Will Worsley

Book Review: Campusland

If Tom Wolfe were alive to mock the current climate on college campuses, he would have written Campusland, Scott Johnston’s hilarious satire about an elite Northeastern university roiled by progressive ferment. At Devon University, which Johnston modeled on Yale, an English professor struggling to win tenure is first charged with racism for teaching the politically incorrect works of Mark Twain and then falsely accused of sexual harassment by a spoiled co-ed desperately seeking attention. The professor, a progressive from Alabama doing his level best to conform to Devon’s radical culture, soon learns the extent to which the lunatics have taken over the asylum.
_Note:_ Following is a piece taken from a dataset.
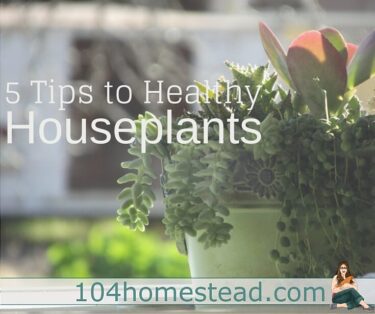 I'm an outdoor garden person. It's where my thumb shines the greenest. These five tips have helped me keep my houseplants happy and healthy.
The university administration, led by a spineless president who lives as much in fear of student activists as he does the tyrannical Dean of Diversity, comes down hard on the poor professor, who discovers he has no legal rights whatsoever. Getting tenure becomes the least of his problems. He will be lucky to keep his job.

Scott Johnston, a Yale alumnus, does a brilliant job of describing in Wolfian style the oppressive reality of today’s university, where any deviation from progressive orthodoxy is met with threats to one’s teaching career. It’s all done with tongue in cheek, as Johnston follows members of Devon’s various factions—from the Marxists to the frat boys—as they struggle for power in what used to be a place devoted to higher learning.

If you’ve been wondering what the heck has happened to your beloved alma mater over the last few years, Campusland is highly recommended. Tom Wolfe would be proud.